Giuseppe Zenti, the Roman Catholic Bishop of Verona, is scheduled to speak. In response to critics who characterized the WCF as wanting to bring about a return to the Middle Ages, the bishop defended the values of that era. “The Enlightenment and ideological historiography that classifies the Middle Ages as obscurantist is part of the past," he said in an interview with Vatican Insider. "It seems strange to me that some people want to exhume it without knowing the heritage of the cultural values during the Middle Ages.”
The Mormon hierarchy has also been supportive of WCF, which held its 2015 summit in Salt Lake City. In Verona, the Church of Jesus Christ of Latter-day Saints, as the Mormon church is formally known, will be represented by Elder Massimo De Feo of the General Authority Seventies, a leadership body in the church.
Support for the summit from Italy's Deputy Prime Minister Matteo Salvini, Minister for Family and Disability Lorenzo Fontana, Minister for Education Marco Bussetti and other political leaders, has generated significant criticism and organizing in opposition by progressive advocates. To the disgust of Breitbart, a story in the Italian newspaper La Repubblica described the conference as a gathering of neofascists, anti-abortionists, and homophobes.
Not even Salvini’s leadership of the right-wing League party, whose government coalition includes the Five Star Movement party, could keep a leader of Five Star from saying that the conference was for “right-wing losers.” And there has even been dissent from within Salvini’s own party. Verona city council member Mauro Bonato resigned his position as local League leader, saying the party was meant to promote local autonomy, not “go back to ancient times where women are only the slaves of men.” He said he found the words of a WCF speaker chilling and said he could not accept giving a stage to people who equate homosexuality with Satanism.
Last week, Prime Minister Giuseppe Conte publicly distanced himself from the conference, whose organizers reportedly had used the logo of his office without his approval.
The World Congress of Families was founded in 1997, but the U.S. Religious Right’s understanding of the culture war as a global conflict intensified during the administration of Barack Obama, when the promotion of LGBTQ human rights and protection of reproductive choice were elements of U.S. foreign policy. Religious Right groups rushed to embrace Putin’s positioning of himself and Russia as the saviors of Western civilization and the protectors of Christendom against the decadent and secularist forces they see as threats to that legacy, i.e. the European Union and, at that time, the U.S. If Hillary Clinton had won the presidency, the Obama-era anti-Americanism, if you will, of the U.S. Religious Right would undoubtedly have grown even more strident. But with Trump in the White House, they have the U.S. government on their side, and one more leader who, like Putin and various Putin-wannabes, will help them wage war against “gender ideology”—the globalized right-wing umbrella term that can cover reproductive rights, LGBTQ equality, sex ed, and anything that might upset traditionalist gender roles and norms, even laws against domestic violence.
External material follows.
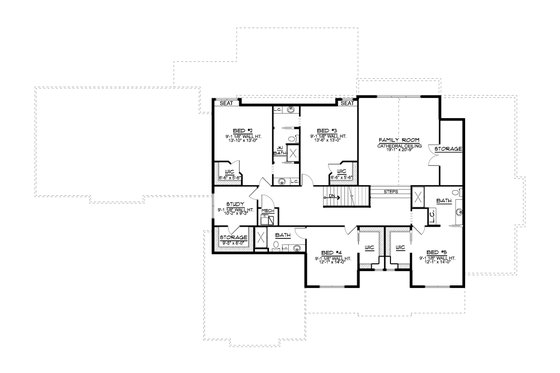 Floor Plan - Upper Floor for Farmhouse House Plan #1064-99 - 5 bed, 4.5 bath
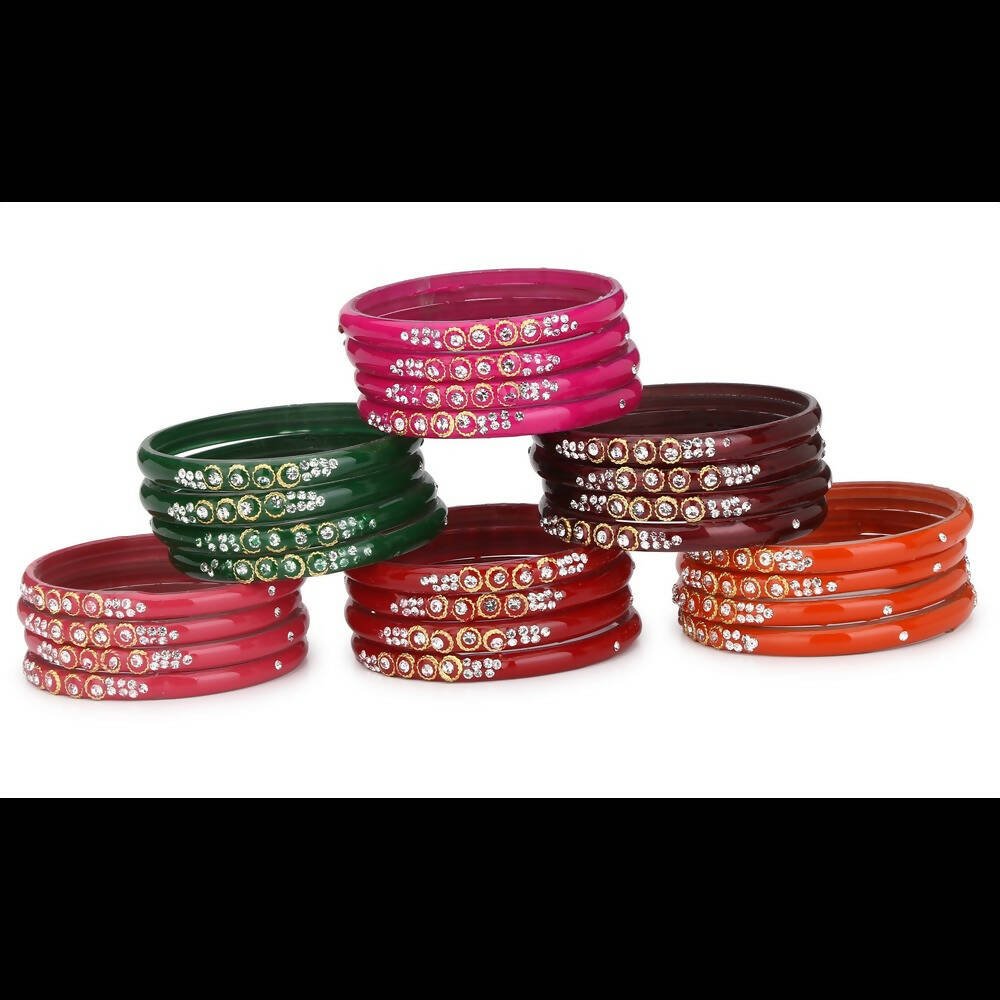 Afast Bridal Wedding & Party Fashionable Colorful Glass Bangle/Kada Set, Pack Of 24 - Multicolor - Distacart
The Religious Right’s eagerness to work with authoritarians in the name of traditional family values extends well beyond WCF—and well beyond Putin. For example, Brown has embraced Hungarian strongman Viktor Orbán, who talks about Christian values while fostering anti-Semitism, undermining media and civil society, and getting rid of checks and balances on his power. When asked by journalist Sarah Posner about Orbán’s moves against media and his political opposition, FRC’s Peter Sprigg dismissed those as “procedural things” that were less important than Orbán’s commitment to “defending Western civilization rooted in Christianity.”